The first graph is an upward facing parabola, f of x, on an x y-coordinate plane. To the left of the function, f of x is greater than 0. Between the x-intercepts, f of x is less than 0. To the right of the function, f of x is greater than 0. The second graph is a downward-facing parabola, f of x, on an x y coordinate plane. To the left of the function, f of x is less than 0. Between the x-intercepts, f of x is greater than 0. To the right of the function, f of x is less than 0.

Example 9.64

How to Solve a Quadratic Inequality Graphically

Solve $x^{2} - 6 x + 8 < 0$ graphically. Write the solution in interval notation.

Solution

The figure is a table with 3 columns. The first column is Step 1: Write the quadratic inequality in standard form. The second column says the inequality is in standard form. The third column says x squared minus 6 times x plus 8 less than 0.

The figure is a table with 3 columns. The first column says Step 2-Graph the function f of x equals a times x squared plus b times x plus c using properties or transformations. The second column gives instructions and the third column shows the work for step 3 as follows.

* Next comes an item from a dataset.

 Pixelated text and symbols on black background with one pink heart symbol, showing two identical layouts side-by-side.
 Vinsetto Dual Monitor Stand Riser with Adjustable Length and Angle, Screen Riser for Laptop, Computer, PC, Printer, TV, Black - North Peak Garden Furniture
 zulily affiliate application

We will graph using properties. The function is f of x equals x squared minus 6 times x plus 8 where a equals 1, b equals negative 6, and c equals 8. Look at a in the function f of x equals x squared minus 6 times x plus 8. Since a is positive, the parabola opens upward. The equation of the axis of symmetry is the line x equals negative b divided by 2 times a, so x equals negative negative 6 divided by 2 times 1. X equals 3. The axis of symmetry is the line x equals 3. The vertex is on the axis of symmetry. Substitute x equals 3 into the function, so f of 3 equals 3 squared minus 6 times 3 plus 8. F of 3 equals negative 1, so the vertex is (3, negative 1). We find f of 0 in order to find the y-intercept, so f of 0 equals 0 squared minus 6 times 0 plus 8. F of 0 equals 8, so the y intercept is (0, 8). We use the axis of symmetry to find a point symmetric to the y-intercept. The y-intercept is 3 units left of the axis of symmetry, x equals 3. A point 3 units to the right of the axis of symmetry has x equals 6. Point symmetric to y-intercept is (6, 8). We solve f of x equals 0 in order to find the x-intercepts. We can solve this quadratic equation by factoring. 0 equals x squared minus 6 times x plus 8, 0 equals the quantity x minus 2 times the quantity x minus 4, x equals 2 or x equals 4. The x-intercepts are (2, 0) and (4, 0). We graph the vertex, intercepts, and the point symmetric to the y-intercept. We connect these 5 points to sketch the parabola shown that is upward-facing with the points found through this process.

The figure is a table with 3 columns. The first column says Step 3- Determine the solution from the graph. The second column gives instructions. X squared minus 6 x plus 8 less than 0. The inequality asks for the values of x which make the function less than 0. Which values of x make the parabola below the x-axis. We do not include the values 2, 4 as the inequality is strictly less than. The third column says The solution, in interval notation, is (2, 4).

Try It 9.127

ⓐ Solve $x^{2} + 2 x - 8 < 0$ graphically and ⓑ write the solution in interval notation.

Try It 9.128

ⓐ Solve $x^{2} - 8 x + 12 \geq 0$ graphically and ⓑ write the solution in interval notation.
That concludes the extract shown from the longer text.